Internally, the TPL uses the .NET thread pool, but does so more efficiently, executing multiple Tasks on the same thread sequentially before returning the thread back to the pool. It can do this via intelligent use of delegate objects. This effectively avoids the problem described previously of wasting a thread’s quantum with a single small task and causing too many context switches.

TPL is a large and comprehensive set of APIs, but it is easy to get started. The basic principle is that you pass a delegate to the Task’s Start method. You also optionally call ContinueWith on the Task and pass a second delegate, which is executed once the Task is complete.
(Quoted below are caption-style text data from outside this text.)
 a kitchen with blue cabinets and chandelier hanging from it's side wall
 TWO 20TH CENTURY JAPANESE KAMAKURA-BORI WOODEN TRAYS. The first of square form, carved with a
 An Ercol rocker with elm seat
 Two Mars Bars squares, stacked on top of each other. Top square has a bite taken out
You can execute Tasks with both CPU-bound computations as well as I/O. All of these first examples will show pure CPU processing. There is a section dedicated to effective I/O later in this chapter.
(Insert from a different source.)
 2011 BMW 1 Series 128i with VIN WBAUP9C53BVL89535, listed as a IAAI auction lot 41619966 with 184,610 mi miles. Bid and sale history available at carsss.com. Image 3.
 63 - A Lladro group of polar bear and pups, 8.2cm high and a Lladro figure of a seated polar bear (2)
The following code listing from the Tasks sample project demonstrates creating a Task for each processor. When each Task completes, it schedules for execution a continuation Task that has a reference to a callback method.

class Program
{
static Stopwatch
watch = new Stopwatch();
static int pendingTasks;

static void Main(string[] args)
{
const int MaxValue = 1000000000;

watch.Restart();
int numTasks = Environment.ProcessorCount;
pendingTasks = numTasks;
int perThreadCount = MaxValue / numTasks;
int perThreadLeftover = MaxValue % numTasks;

var tasks = new Task<long>[numTasks];

for (int i = 0; i < numTasks; i++)
{
int start = i * perThreadCount;
int end = (i + 1) * perThreadCount;
if (i == numTasks - 1)
{
end += perThreadLeftover;
}
tasks[i] = Task<long>.Run(() =>
{
long threadSum = 0;
for (int j = start; j <= end; j++)
{
threadSum += (long)Math.Sqrt(j);
}
return threadSum;
});
tasks[i].ContinueWith(OnTaskEnd);
}
}

private static void OnTaskEnd(Task<long> task)
{
Console.WriteLine("Thread sum: {0}", task.Result);
if (Interlocked
.Decrement(ref pendingTasks) == 0)
{
watch.Stop();
Console.WriteLine("Tasks: {0}", watch.Elapsed);
}
}
}

If your continuation Task is a fast, short piece of code, you should specify that it runs on the same thread as its owning Task. This is vitally important in an extremely multithreaded system as it can be a significant waste to spend time queuing Tasks to execute on a separate thread which may involve a context switch.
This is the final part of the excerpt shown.